You sip the pale ale like you’ve never had a drink before, as if it were a religious ceremony. You look at the exposed brick walls. You still have your hood on, and your collar turned up, on the black coat you are wearing.

The bartender comes up to the man sitting next to you and his friends. Otro? he asks. Nada más, says the man, and the bartender says, No te preocupas. You snort, to show you’ve understood it, and because you have, the man sitting next to you says, You speak Spanish?

And you say, Solo un poco.

And he says, That’s good, that’s good.

And you say, De dónde son ustedes?

And he answers once again in English. From Arizona, he says. Pointing at the young man next to him, he says, Miami. And then the attractive woman at the end of the bar. Guatemala. She nods.

And you? the Arizona man says, in the English version of the y tu that you would have understood.

I’m from here, you say — from Brooklyn. Marine Park. Down that way. You point in a vague southerly direction.

Arizona looks surprised.

I’ve never met anyone who’s actually from here before.

You laugh and consider bringing up the E. B. White line that’s on the subway posters, but instead you just say, That’s the way it is.

It’s different from here, down there, you say. He nods. But not so different. There are more things to do in this part. He nods again.

Many things to do here, he says. Many restaurants.

Lots of restaurants, you say. Lots of exposed brick, you add, pointing at the walls. They used to be covered with plaster, you say, as if you know. The woman from Guatemala leans over and says, Plaster? And suddenly you are very tired.

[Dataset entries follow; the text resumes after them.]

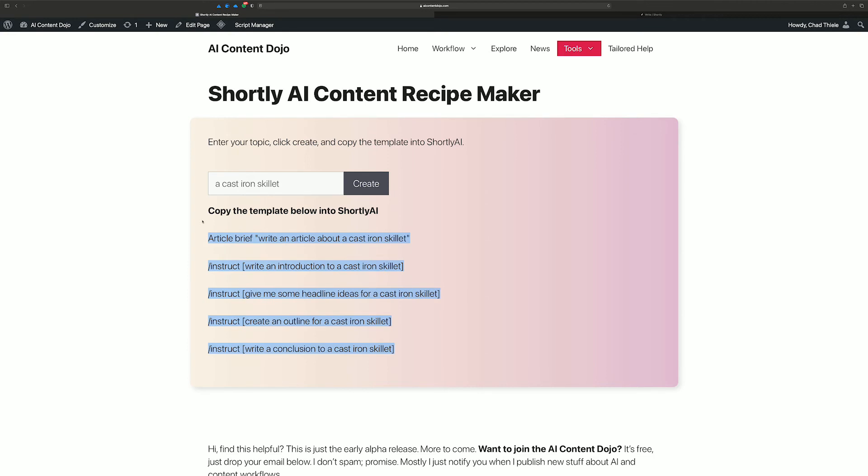But this right now creates this template. I guess, for lack of a better term, it's a long-form article template. But I'm going to be adding some more creative ways of generating little templates that you can copy into Shortly to kind of make your work quicker and easier.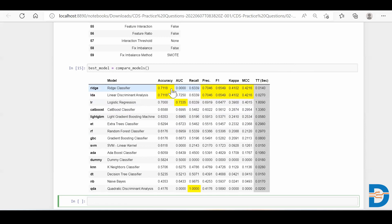So this is how we use PyCaret for creating multiple models and comparing them. Okay, thank you.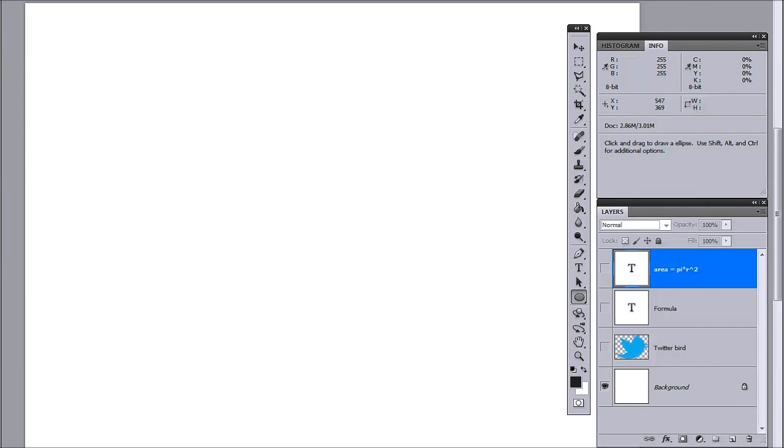Hey folks, Jess Bachman here from Visually and I'm going to show you a quick and easy way that I use to create bubble charts in Photoshop.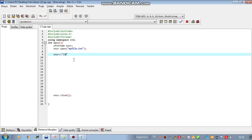I'm gonna write it is our first file which we used to send data from C++ to our text file.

Yes, you say, and leave it at that.

You drink more of your pale ale and the two men and woman go back to speaking to each other in low tones in Spanish. The bartender walks out from behind the bar, which is still crowded, and goes out the door. You decide not to look at your cell phone. When the bartender comes back into his bar, he walks by the man from Arizona, and slips a wad of napkins into his coat pocket, his coat still on. There is the smell, suddenly, that overcomes you, like wet earth, like lying on the grass somewhere with trees. The man from Arizona looks at you. You look at him.

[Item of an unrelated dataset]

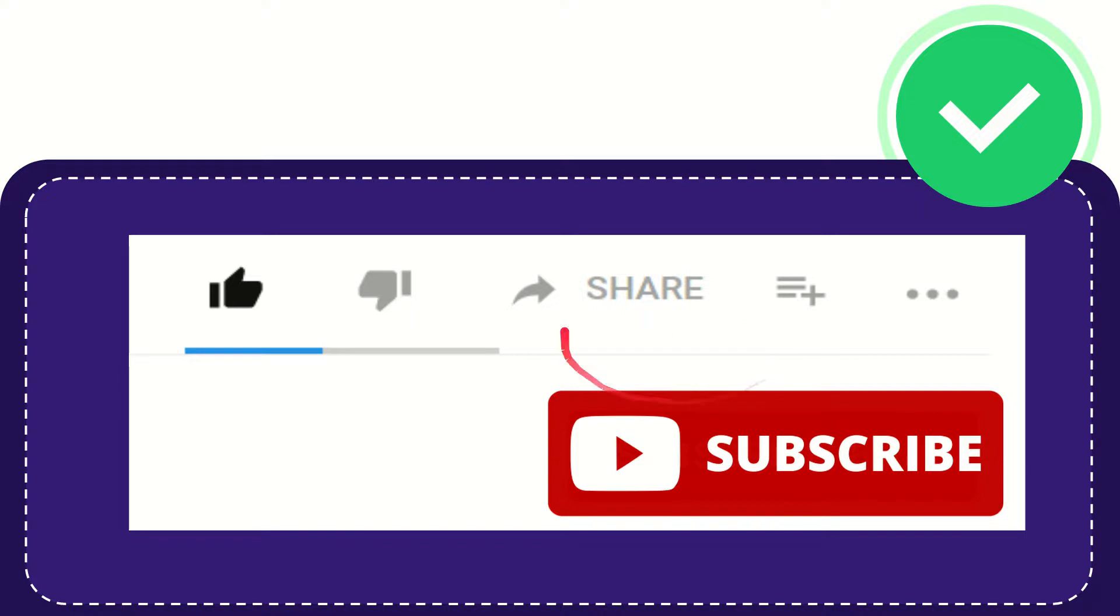And yeah, don't forget to subscribe. I think that's all of it. Thank you so much for watching this video, and see you again in another video. Bye-bye, see you again.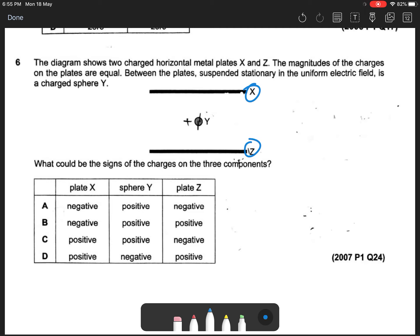So what could be the sign on the three components? We will work through options A to D. For option A, plate X is negative and plate Z is negative, and sphere Y is positive.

It’s OK, you say. You’re among friends.

Can you smell it? he asks.

Sure, you say.

You need a ziplock bag, his companion says. Do you have a ziplock bag? he asks you.

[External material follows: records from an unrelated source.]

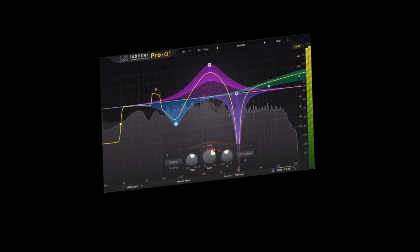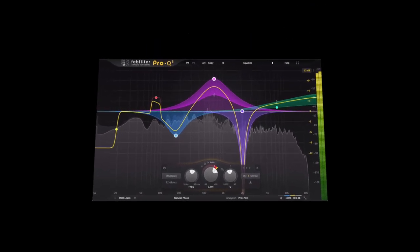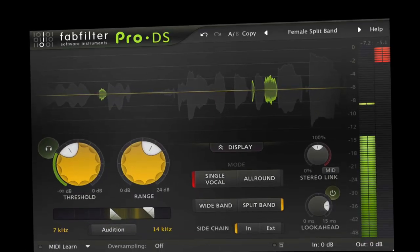I found FabFilter's plugins to offer the best UI and UX for dialing things in and being able to hear and see what the plugin is doing. They were my go-to plugins for bread and butter stuff like EQ, compression, de-essing, and limiting for years. The Pro-Q3 is still my go-to EQ for corrective EQ work, and I haven't found an easier-to-dial-in de-esser than their Pro-DS.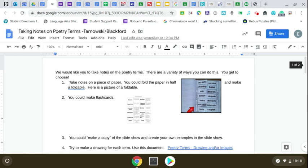You could take notes on the poetry terms. You could create a foldable. There's lots of different ways you can make foldables. I put a picture in there where basically you have the word and you open it up to the definition. You can make flashcards on paper and cut them, or you could use note cards to review the terms.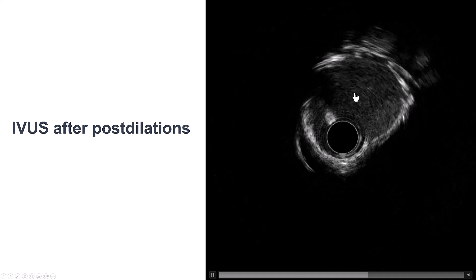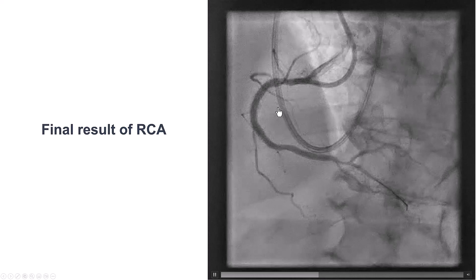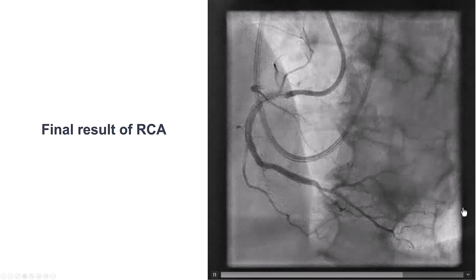We decided to continue with left main. Sometimes, if the right coronary intervention is complicated and we have to give a large amount of contrast and or radiation, if the patient becomes unstable, then we often will stop and stage the procedure for the left main. But in this case, the patient was doing fine, so we decided to move on.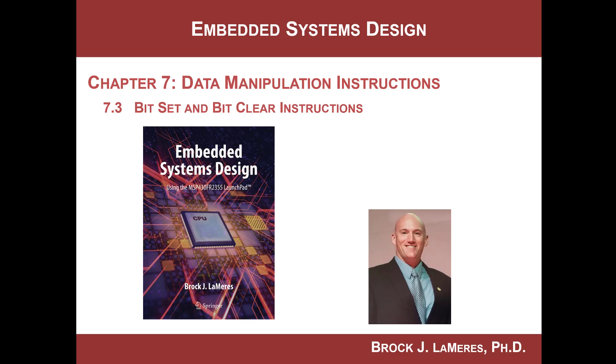Hello, this is Brock Lameres. We are continuing our study of embedded systems design by looking at data manipulation instructions. In this video, we're going to look at two very widely used instructions called bit set and bit clear.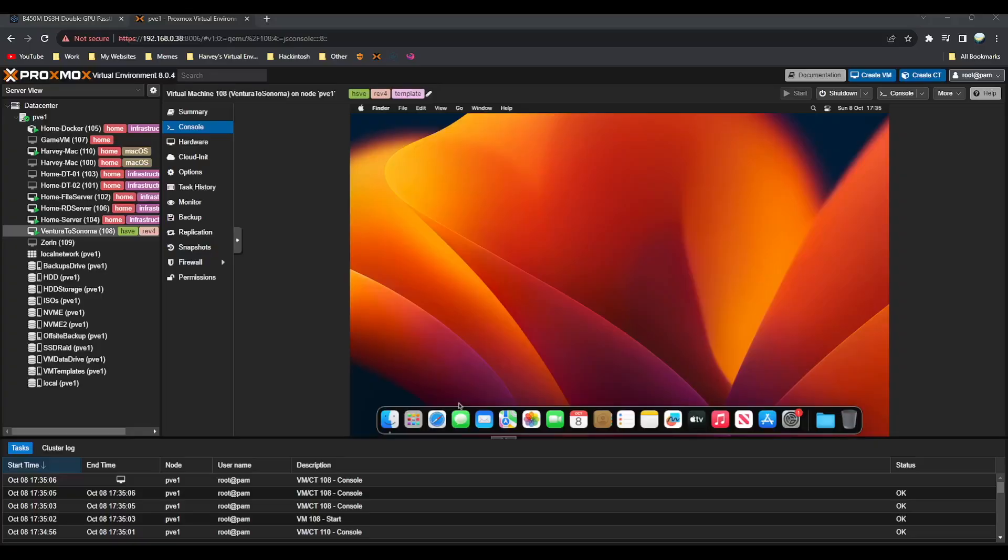Hey everyone, welcome back to another video. Today I'm going to be showing you how to upgrade to macOS Sonoma from Ventura with the new VM templates. You can see I've got a clean Ventura machine, but yours will have some stuff on it. I'm going to walk you through the steps today on how to upgrade from Ventura to Sonoma.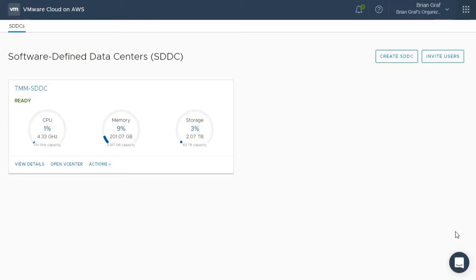Welcome to the VMware Cloud on AWS feature demonstration. In this video, we will be showing you how to create VPN connectivity between your on-premises data center and your VMware Cloud on AWS environment.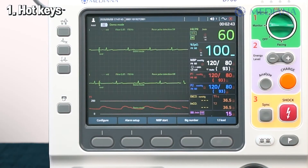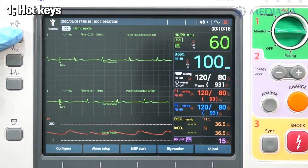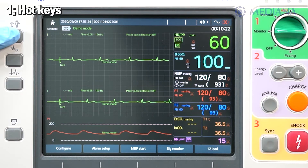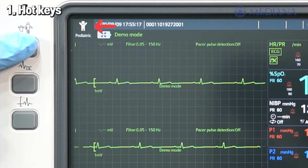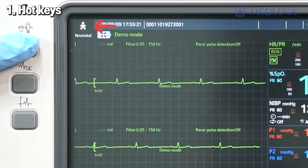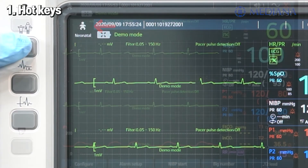On the left, there are hotkeys. The main purpose of the hotkeys is to provide users convenience. There is a patient type button which can switch patient mode from adult, pediatric, and neonatal. It also changes alarm limits and energy settings when changing the mode from pediatric to adult mode and vice versa for defibrillation and AED mode.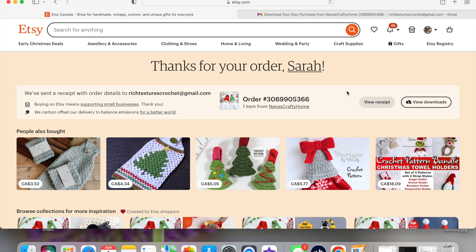You'll see this banner pop up at the top after you've purchased. The first thing you want to do — if you're going to download it right away — is make sure that your payment has gone through. Depending on your method of payment, it could take up to 24 hours. So make sure your payment has gone through before you try to download your digital item.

I don’t, you say. But it’s fine. I can only smell it because I’m so close, you add. He closes his jacket more and grins at you. David, he says, and extends his hand. You shake it. You tell him your name. We’re waiters, he says. But we have money. We live in Carroll Gardens. Me and Andreo. Isabella is in Brooklyn Heights. But Isabella has already stopped paying attention to you and her fellow workers, and is busy looking at her cell phone.

What restaurant? you say. Is it one I might have been to?

Maybe, they say, and they name a restaurant on Smith Street that you have never been to. You never eat in restaurants alone.

I know it, you say. A nice place. A good place.

They nod noncommittally. Yes, David says, but not like Arizona. Andreo agrees.

What do you mean? you say.

No tipping like Arizona, he says. In Arizona they tip 40 percent.

Forty percent, you say, too loud, as if you might have been outraged.

Yes, David says. It is common.

And how about here? you ask.

David thinks for a minute, swilling the wine that is left in his glass. Ten, fifteen. Sometimes twenty, he says. Sometimes five. Sometimes point oh-oh-oh-oh-oh-one percent.